Create a collection

This documentation reflects client version 1.5.x. For 2.x documentation, refer to the client reference for Python, TypeScript, or Java.

Creates a new collection in a Serverless (Vector) database.

Method signature

The signature of this command changed in Python client version 2.0-preview.

If you are using client version 2.0-preview or later, see the description of this change in Data API client upgrade guide.

The following method belongs to the astrapy.Database class.

python
create_collection(
  name: str,
  *,
  keyspace: str,
  dimension: int,
  metric: str,
  service: CollectionVectorServiceOptions | dict[str, Any],
  indexing: dict[str, Any],
  default_id_type: str,
  additional_options: dict[str, Any],
  check_exists: bool,
  max_time_ms: int,
  embedding_api_key: str | EmbeddingHeadersProvider,
  collection_max_time_ms: int,
) -> Collection

Result

Creates a collection with the specified parameters.

Returns a Collection object. You can use this object to work with documents in the collection.

Example response:

shell
Collection(name="COLLECTION_NAME", keyspace="default_keyspace", database=Database(api_endpoint="ASTRA_DB_API_ENDPOINT", token="APPLICATION_TOKEN", keyspace="default_keyspace"))

Parameters

The required and valid parameters depend on whether the collection will store vector data and your embedding generation method. For more information, see Manage collections and tables.

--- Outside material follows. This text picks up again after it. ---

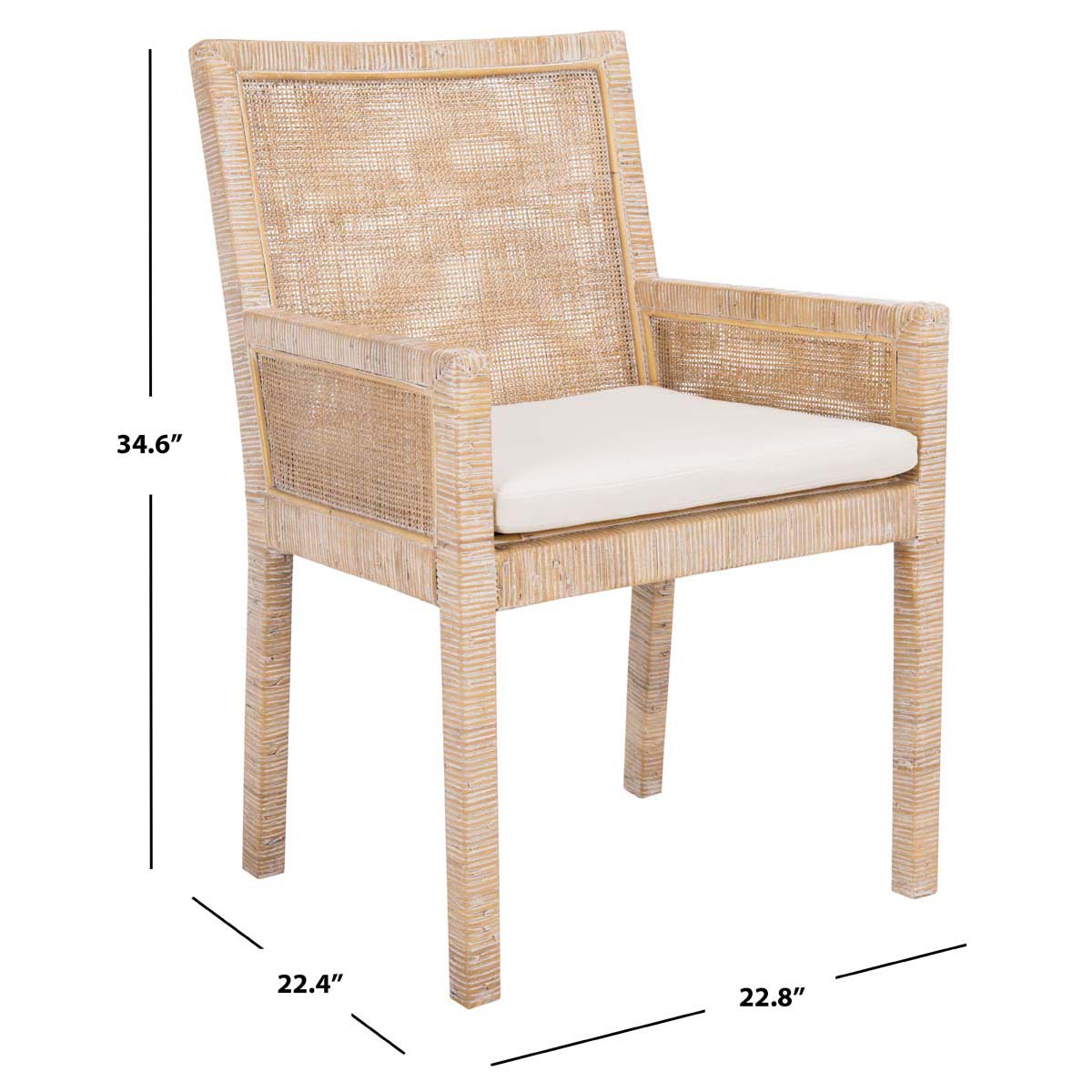 Safavieh Sarai Accent Chair W/ Cushion , ACH6520 - Grey White Wash/White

You can’t edit a collection’s parameters after you create the collection.

Name Type Summary

name

str

The name of the collection.

keyspace

Optional[str]

The keyspace where the collection is to be created. If not specified, the database’s working keyspace is used.

dimension

Optional[int]

For vector collections, the dimension of the vectors, which is the number of their components. If you’re not sure what dimension to set, use whatever dimension vector your embeddings model produces.

metric

Optional[str]

The similarity metric used for vector searches. Allowed values are VectorMetric.DOT_PRODUCT, VectorMetric.EUCLIDEAN or VectorMetric.COSINE (default).

service

Optional[CollectionVectorServiceOptions]

The service definition for vector embeddings. Required for vector collections that generate embeddings automatically.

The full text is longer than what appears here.